The problem of physical movement is a common one in VR, and teleportation is one solution being explored by tech giants.
The problem of locomotion is a known challenge in VR. How does a user immerse oneself in a virtual world if they are wearing a VR headset in an enclosed space and can’t walk or move much farther than a few meters? There are several solutions to this problem, including one that is known as teleportation, i.e. allowing a user to instantly move to specific locations in a game or simulated world.
This week, IBM received a patent grant for such a technology intended for “managing ephemeral locations in a virtual universe.” The patent covers computing programs that will allow IBM to teleport users within a virtual environment, visually display new locations, and then teleport them to new locations, and so on.
The patent’s wording makes it clear that it was initially written for first-generation virtual worlds like Second Life, but it could clearly be extended to VR environments as well.
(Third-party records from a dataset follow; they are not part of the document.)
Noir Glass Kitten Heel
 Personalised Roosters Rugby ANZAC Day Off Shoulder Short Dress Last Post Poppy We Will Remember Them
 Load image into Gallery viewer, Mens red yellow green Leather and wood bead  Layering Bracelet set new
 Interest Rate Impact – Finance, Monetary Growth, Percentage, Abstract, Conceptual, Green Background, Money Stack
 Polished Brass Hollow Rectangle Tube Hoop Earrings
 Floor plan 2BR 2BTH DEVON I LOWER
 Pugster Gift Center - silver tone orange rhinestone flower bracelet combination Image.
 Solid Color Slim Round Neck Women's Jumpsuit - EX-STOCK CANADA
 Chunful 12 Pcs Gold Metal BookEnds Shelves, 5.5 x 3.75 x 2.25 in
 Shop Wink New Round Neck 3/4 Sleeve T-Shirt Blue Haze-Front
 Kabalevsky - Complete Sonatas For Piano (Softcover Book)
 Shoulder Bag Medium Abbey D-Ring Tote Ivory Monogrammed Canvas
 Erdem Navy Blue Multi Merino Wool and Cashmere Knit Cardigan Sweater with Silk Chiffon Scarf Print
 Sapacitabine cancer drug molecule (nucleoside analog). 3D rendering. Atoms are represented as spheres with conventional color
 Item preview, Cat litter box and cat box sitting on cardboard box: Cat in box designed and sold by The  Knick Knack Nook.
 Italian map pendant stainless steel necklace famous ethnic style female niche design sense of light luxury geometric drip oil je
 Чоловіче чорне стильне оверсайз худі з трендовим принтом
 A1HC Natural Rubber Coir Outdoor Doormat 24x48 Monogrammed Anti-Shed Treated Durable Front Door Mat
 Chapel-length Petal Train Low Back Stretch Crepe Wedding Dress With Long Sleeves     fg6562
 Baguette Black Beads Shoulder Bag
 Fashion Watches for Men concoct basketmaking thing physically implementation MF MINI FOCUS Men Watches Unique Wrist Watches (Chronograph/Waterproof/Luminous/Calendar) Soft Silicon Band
Here’s an illustration from that patent showing how users can move between different locations on a grid and perceive different objects once they are teleported.
IBM actually holds over 20 patent grants and applications related to teleportation in virtual words.
Google for its part holds a patent application that is clearly more geared to VR as we understand it today, and is also more broad since it covers AR.
Google’s application for “teleportation in an augmented/virtual reality environment” focuses in particular on teleportation between environments at different scale. Like Alice in “Alice’s Adventures in Wonderland,”a user would at the click of a button travel from a human-scale experience to one in which he or she is giant-like and walking on an ocean or in this case below, fog banks swelling around the Golden Gate Bridge:
Interestingly, Google software engineer Rob Jagnow has spoken publicly recently about the locomotion challenge in VR and the promise of teleportation as one solution, although the disadvantage is that it doesn’t allow for people to “maintain special context.” In other words, they lose the real-life feeling of making their way gradually through a virtual space.